As guerras e os guerreiros Kariókas
Os rios da Guanabara – nossa “baía semelhante ao mar”, de acordo com André Thevet e Nicolas Barré – eram habitados por diversas comunidades tupinambás. Entre outras subsistências, esses guerreiros se aproveitavam da desova dos peixes nos rios, que propiciava fartura regular de alimento. Os tupinambás sabiam conservar a carne dos peixes sem sal. O pescado era bem cozido no moquém, depois triturado para transformar-se em um tipo de farinha, que, armazenada em cestos bem vedados, podia ser consumida por meses. Nos meses de junho e julho, em mais de 200 canoas, moradores do Rio de Janeiro se juntavam para capturar os peixes que iam desovar nos rios dessa região. Esse fenômeno, chamado de “piraíque” (subida dos peixes), era muito aguardado pelos mais destemidos, que buscavam a admiração de seu povo, além de honrar os antepassados. Eram criados para isso e estimulados pelos “payés” a cumprirem seus destinos.

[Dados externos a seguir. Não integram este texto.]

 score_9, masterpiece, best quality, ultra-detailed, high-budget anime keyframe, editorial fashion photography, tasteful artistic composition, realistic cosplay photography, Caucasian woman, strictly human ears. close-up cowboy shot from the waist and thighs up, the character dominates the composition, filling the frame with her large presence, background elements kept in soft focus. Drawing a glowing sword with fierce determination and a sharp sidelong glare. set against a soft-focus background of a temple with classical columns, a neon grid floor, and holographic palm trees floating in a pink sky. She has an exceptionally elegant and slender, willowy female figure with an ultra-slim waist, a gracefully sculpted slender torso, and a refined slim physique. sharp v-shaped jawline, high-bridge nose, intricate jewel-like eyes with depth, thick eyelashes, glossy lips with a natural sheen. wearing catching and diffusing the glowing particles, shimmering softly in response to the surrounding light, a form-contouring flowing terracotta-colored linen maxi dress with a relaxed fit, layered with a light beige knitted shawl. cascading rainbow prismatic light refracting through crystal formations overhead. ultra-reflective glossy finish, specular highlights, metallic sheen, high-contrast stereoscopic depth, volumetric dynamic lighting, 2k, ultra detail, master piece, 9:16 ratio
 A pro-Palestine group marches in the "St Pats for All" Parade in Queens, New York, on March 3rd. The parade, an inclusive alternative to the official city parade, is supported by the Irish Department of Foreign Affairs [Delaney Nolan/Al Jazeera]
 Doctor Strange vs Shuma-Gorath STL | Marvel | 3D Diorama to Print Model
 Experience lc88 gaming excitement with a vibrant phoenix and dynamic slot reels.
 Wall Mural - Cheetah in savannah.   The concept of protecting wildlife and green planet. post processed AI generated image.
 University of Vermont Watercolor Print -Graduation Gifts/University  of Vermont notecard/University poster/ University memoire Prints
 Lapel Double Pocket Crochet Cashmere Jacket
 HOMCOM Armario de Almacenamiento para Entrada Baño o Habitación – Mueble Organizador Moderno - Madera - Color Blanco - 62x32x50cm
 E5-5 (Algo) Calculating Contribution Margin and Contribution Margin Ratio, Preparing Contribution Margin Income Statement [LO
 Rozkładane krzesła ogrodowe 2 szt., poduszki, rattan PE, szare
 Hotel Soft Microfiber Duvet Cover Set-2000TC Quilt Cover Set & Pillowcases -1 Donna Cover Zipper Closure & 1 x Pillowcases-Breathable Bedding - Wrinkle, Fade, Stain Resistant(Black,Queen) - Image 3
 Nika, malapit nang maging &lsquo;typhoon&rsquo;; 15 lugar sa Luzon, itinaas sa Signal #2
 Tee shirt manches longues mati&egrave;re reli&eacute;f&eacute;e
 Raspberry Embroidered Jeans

Apenas eram aceitos como verdadeiros guerreiros aqueles que provavam seu valor em combate contra inimigos ancestrais, viviam sedentos de vingança por querelas passadas entre as gerações familiares. Com a farinha de peixe preparada, finalmente conseguiam as provisões necessárias e o morubixaba “Karió-pear” – que era o maioral da “rota carijó”, “aquele que vai aos carijós” – podia então reunir seus guerreiros e viajar com uma dezena de velozes canoas, que partiam com mais de 25 homens a bordo. Demoravam de quatro a cinco dias para chegar a Cananeia, no atual litoral de São Paulo, terra dos carijós.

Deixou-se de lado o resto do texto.